A Iglesias le daría una entrada de una crema de alubias rojas de Tolosa con guindillas en vinagre, le pondría unos chipirones en tinta y de postre un buen queso de Idiazábal con un membrillo de manzana reineta.

- Felipe VI y Juan Carlos I... un menú real.

Les gustarán las cosas sencillas en el fondo porque les harán todo tan pomposo que se me ocurre darles unas almejas a la marinera, les haría pichón asado con unas ciruelas pasas y de postre... a estos les irá bien una cuajada con miel. ¿Van a comer bien, eh...?

- Ha dicho que la tele le ha dado mucho, ¿Participaría de jurado en un programa del tipo MasterChef?

Me han ofrecido hacer más cosas de tele pero haciendo lo que hago, que es un programa diario, con recetas distintas, con un montón de audiencia, con libros que se venden muy bien. Tengo una escuela que me funciona muy bien, tengo une equipo de pelotaris, producimos cine de vez en cuando, en televisión me encuentro muy cómodo haciendo lo que hago.

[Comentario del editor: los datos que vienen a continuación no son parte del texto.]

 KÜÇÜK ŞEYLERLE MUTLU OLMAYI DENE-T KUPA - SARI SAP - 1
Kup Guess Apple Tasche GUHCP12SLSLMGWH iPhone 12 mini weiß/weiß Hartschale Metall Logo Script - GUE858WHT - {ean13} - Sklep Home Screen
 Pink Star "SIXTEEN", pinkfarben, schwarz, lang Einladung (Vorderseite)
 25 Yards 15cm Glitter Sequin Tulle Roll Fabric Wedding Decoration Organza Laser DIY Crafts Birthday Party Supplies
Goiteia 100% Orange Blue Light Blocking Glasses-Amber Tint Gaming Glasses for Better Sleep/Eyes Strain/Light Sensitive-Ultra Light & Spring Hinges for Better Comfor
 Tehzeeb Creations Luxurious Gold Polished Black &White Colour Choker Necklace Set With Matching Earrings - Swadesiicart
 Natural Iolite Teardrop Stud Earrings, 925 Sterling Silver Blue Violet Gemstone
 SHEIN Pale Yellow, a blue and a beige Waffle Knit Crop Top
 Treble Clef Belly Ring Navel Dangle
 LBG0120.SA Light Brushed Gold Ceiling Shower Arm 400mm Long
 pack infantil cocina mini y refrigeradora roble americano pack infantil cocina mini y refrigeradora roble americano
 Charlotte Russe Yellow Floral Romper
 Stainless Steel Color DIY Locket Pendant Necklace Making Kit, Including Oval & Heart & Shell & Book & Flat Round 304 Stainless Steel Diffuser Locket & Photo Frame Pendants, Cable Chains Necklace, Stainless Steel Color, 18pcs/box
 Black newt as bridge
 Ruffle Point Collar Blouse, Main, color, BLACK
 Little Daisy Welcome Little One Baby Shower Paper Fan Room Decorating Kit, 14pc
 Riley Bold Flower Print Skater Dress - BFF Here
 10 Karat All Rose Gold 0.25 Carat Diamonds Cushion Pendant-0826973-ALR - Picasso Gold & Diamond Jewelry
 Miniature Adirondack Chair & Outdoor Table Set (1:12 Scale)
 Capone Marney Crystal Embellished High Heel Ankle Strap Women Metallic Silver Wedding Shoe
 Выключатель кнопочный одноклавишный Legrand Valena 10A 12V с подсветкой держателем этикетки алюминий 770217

Llevo 7.000 programas y me dicen ‘¿Te gustaría cambiar?’ pero para hacer qué. A mí me gustaría que los que tienen hambre se la quitemos y que los que tienen frío se lo quitemos. A mí lo que me preocupa es que la gente pueda vivir dignamente y si puedo hacer eso. Yo lo que gano con la publicidad lo dono para temas relacionados con niños y me hace sentirme muy bien. Yo hago mucha publicidad, he hecho más de 80 spots de tele y el dinero de los spots lo uso para labores sociales.

Este artículo apareció originalmente en El HuffPost y ha sido actualizado.